Many Asian economies, such as Indonesia, the Philippines, Thailand and India, tightened policy last year to support falling local currencies and avoid capital outflows in response to repeated rate hikes by the U.S. Federal Reserve.
Now they are set to change course because of slower inflation and economic uncertainty stemming from the U.S.-China trade tensions.
The Reserve Bank of India cut its rate twice this year, and economist projections show the Philippines' central bank may also suit later this week. Thailand will decide on rates on Wednesday,
International investors are fleeing Malaysia, which is home to Asia's worst-performing major stock market this year. One factor dragging down the country is its heavy reliance on trade. Exports accounted for 71% of gross domestic product in 2017, according to the World Bank.
The central bank said in its statement that the global economy's moderate expansion was at risk of slowing.
"Considerable downside risks to global growth remain, stemming from unresolved trade tensions and prolonged country-specific weaknesses in the major economies, further dampening global trade and investment activities," the bank said.

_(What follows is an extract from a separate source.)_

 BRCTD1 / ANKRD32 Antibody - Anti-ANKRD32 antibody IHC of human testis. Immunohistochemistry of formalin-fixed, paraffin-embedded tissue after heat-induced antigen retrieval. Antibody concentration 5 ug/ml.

Nikkei's monthly manufacturing Purchasing Managers' Index shows Malaysia has been one of Asia's worst-performing economies, with the country's headline PMI pointing to a contraction for a seventh month in a row.
Another concern is the European Union moving to ban to use in biofuels of palm oil, one of Southeast Asia's key export commodities. Palm oil prices remain low compared to 12 months ago and have weighed on Malaysian companies that own plantations.